Anzi, va al contrattacco. E ricorda
che anche Sinatra, amico di Sam Gimcana, era amico dei Kennedy. Splendido. Non
poteva scegliere esempio migliore. Perché quando John Fitzgerald Kennedy, che
era stato effettivamente sostenuto in campagna elettorale da Sinatra, e perciò
lo aveva invitato ai festeggiamenti della vittoria, si trovò scodellati sulla
stampa i rapporti tra Sinatra e i boss di Cosa Nostra americana e percepì fino
in fondo gli interessi del cantante nelle case da gioco di Las Vegas, non gli
mandò un messaggio di commiato clandestino o complice, né denunciò le
"manovre politiche". Diede solo disposizione al proprio ufficio
stampa di annunciare pubblicamente che Sinatra non avrebbe più potuto mettere
piede alla Casa Bianca; e che la frequentazione pericolosa lì si interrompeva.
Insomma, se Sinatra sta a Renis come Kennedy a Berlusconi, non dovrebbero
esservi dubbi sul modo più ovvio per chiudere questa storia.

In ogni caso, poiché il direttore di
Raiuno fa finta di non capire e di credere che la colpa di Tony Renis sia
quella di tutti gli uomini e di tutte le donne di spettacolo in America, cioè,
testualmente, di essersi "imbattuto in certe persone", ci permettiamo
di proporgli alcune semplici domande, davanti alle quali dovrebbe essere un po'
più difficile fare i finti tonti e ripararsi dietro le "cacce alle
streghe" o dietro i "fini politici". Si gradirebbe dunque
risposta a ciascuna delle seguenti domande.

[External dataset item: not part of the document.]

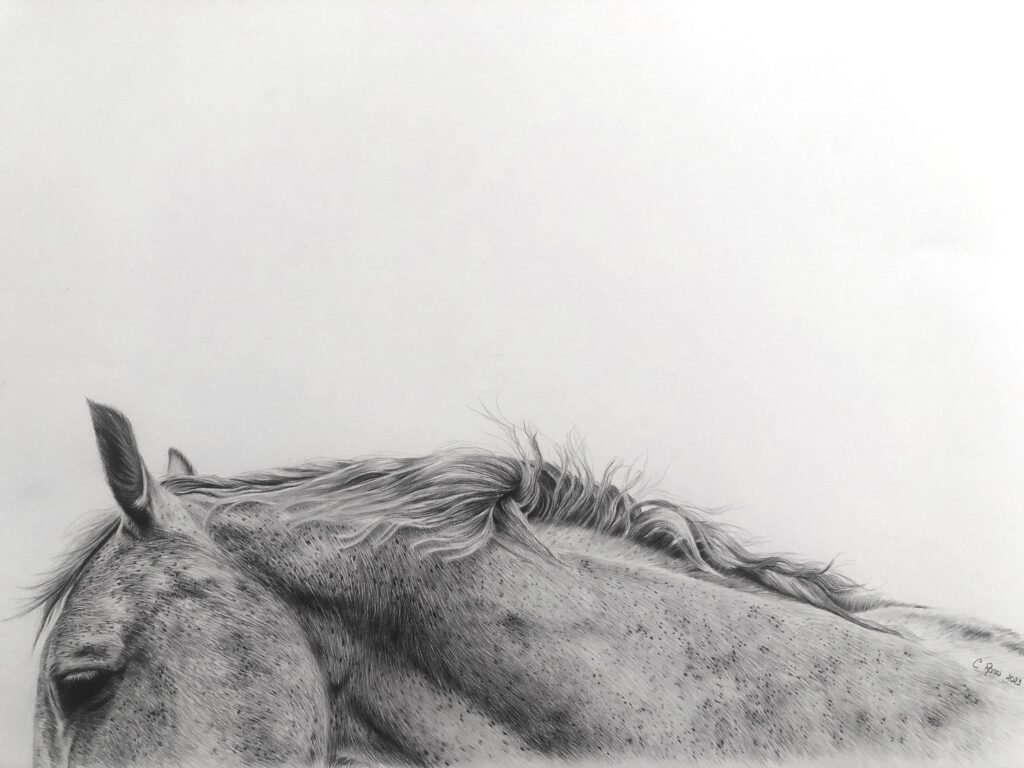 dessin au graphite d'u cheval camarguais par l'artiste peintre animalier chris rossi art équin equestre équitation camargue
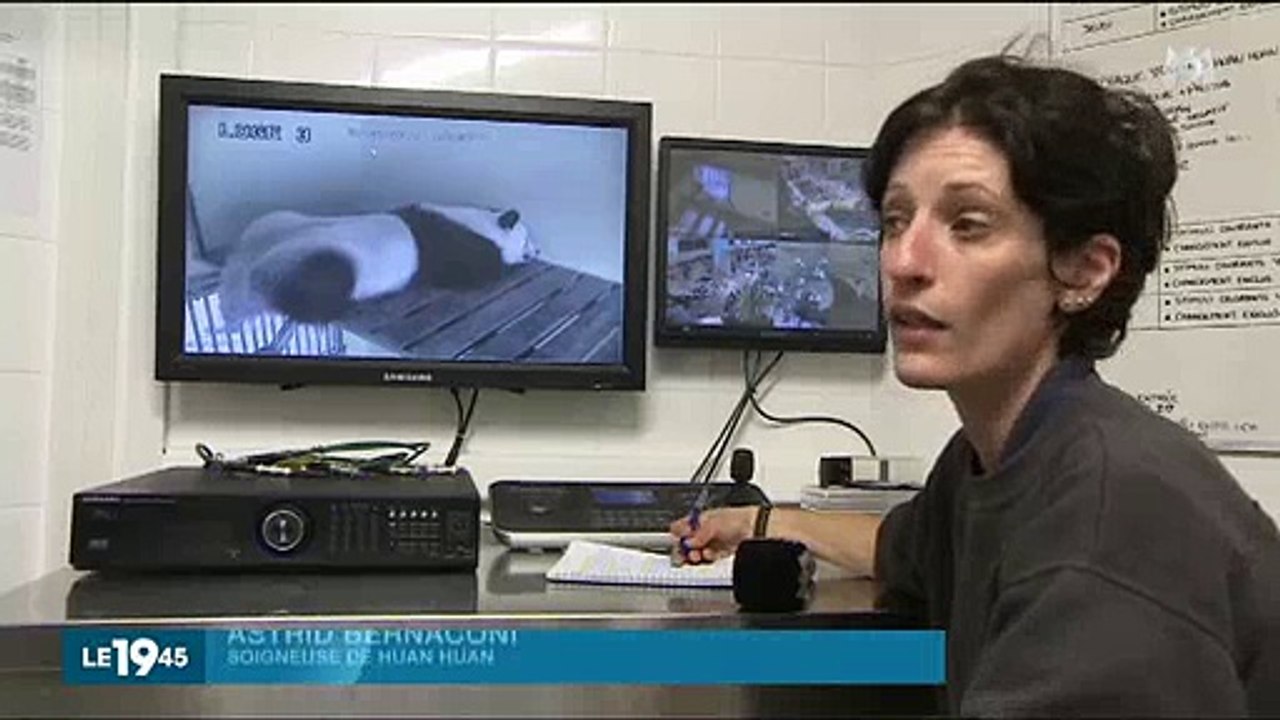 Zoo de Beauval : Une femelle panda enceinte créé le buzz - Regardez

1) Quanti personaggi dello
spettacolo italiano (non americano) hanno chiesto di ottenere una parte in un
film a un boss mafioso, anzi, a un fondatore dell'anonima assassini, uno di cui
il senatore americano Kefauver dichiarò, come si dice, "in velo
d'ignoranza" (ossia non immaginando che il successivo protettore del
cantante sarebbe stato trent'anni dopo il capo del governo italiano) che
"le sue mani grondano sangue"?

2) Quanti personaggi dello
spettacolo italiano (non americano) sono stati ospitati nella villa della
famiglia mafiosa degli Spatola nell'estate del '79, nella stessa estate in cui
vi è stato ospitato Michele Sindona durante il suo falso rapimento?

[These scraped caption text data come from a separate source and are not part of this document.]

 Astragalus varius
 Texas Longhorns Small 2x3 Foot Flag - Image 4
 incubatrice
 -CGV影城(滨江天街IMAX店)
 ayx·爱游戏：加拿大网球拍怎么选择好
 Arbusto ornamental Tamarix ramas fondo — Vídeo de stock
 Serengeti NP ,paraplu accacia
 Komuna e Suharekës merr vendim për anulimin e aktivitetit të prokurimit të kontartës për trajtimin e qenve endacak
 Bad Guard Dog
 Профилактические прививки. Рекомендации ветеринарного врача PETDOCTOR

3) Quanti personaggi dello
spettacolo italiano o americano sono stati in rapporti con Michele Sindona (per
la giustizia italiana latitante) nelle settimane in cui il finanziere-bancarottiere
ha commissionato l'assassinio dell'avvocato Giorgio Ambrosoli?

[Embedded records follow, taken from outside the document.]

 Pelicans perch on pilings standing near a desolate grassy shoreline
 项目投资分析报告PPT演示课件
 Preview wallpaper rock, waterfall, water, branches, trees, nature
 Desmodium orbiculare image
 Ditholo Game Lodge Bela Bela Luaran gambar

4) Quanti personaggi dello
spettacolo americano hanno dichiarato di essere amici stretti dei membri di una
delle più potenti famiglie di Cosa Nostra (i Gambino) e ne sono stati
abitualmente ospitati in albergo?

5) Quanti personaggi dello
spettacolo italiano o americano sono stati ascoltati dalla magistratura del
loro paese sulle proprie amicizie strette con i mafiosi a ridosso di un
delitto? E, tra questi (se ve ne sono), quanti si sono rifiutati di collaborare
con la giustizia vantandosi anzi successivamente di "non avere
cantato"?

Sono domande rigorosamente fondate
su atti ufficiali o su dichiarazioni dello stesso Tony Renis, che certo nessuno
ha torturato, a suo tempo, affinché le rilasciasse. Sono farina del suo sacco,
non frutto di invenzioni o del Maligno. Difficile che Fabrizio del Noce, o
chiunque al suo posto, sappia fornire risposte convincenti. Altre risposte,
voglio dire, che non siano insulti o aria fritta. Il guaio è che il festival di
Sanremo sembra nascere all'insegna di una precisa, cinica (e non inedita)
ideologia: quella secondo cui bisogna convivere con la mafia. Il
"guaio" opposto (per Tony Renis, Fabrizio del Noce e tutti gli altri)
è che c'è un'Italia che – da decenni – a questa ideologia ha già risposto
"no grazie". Lasciando sul terreno i suoi martiri. Ad alcuni dei
quali questo governo ha dedicato convegni e francobolli. Ricordiamo bene?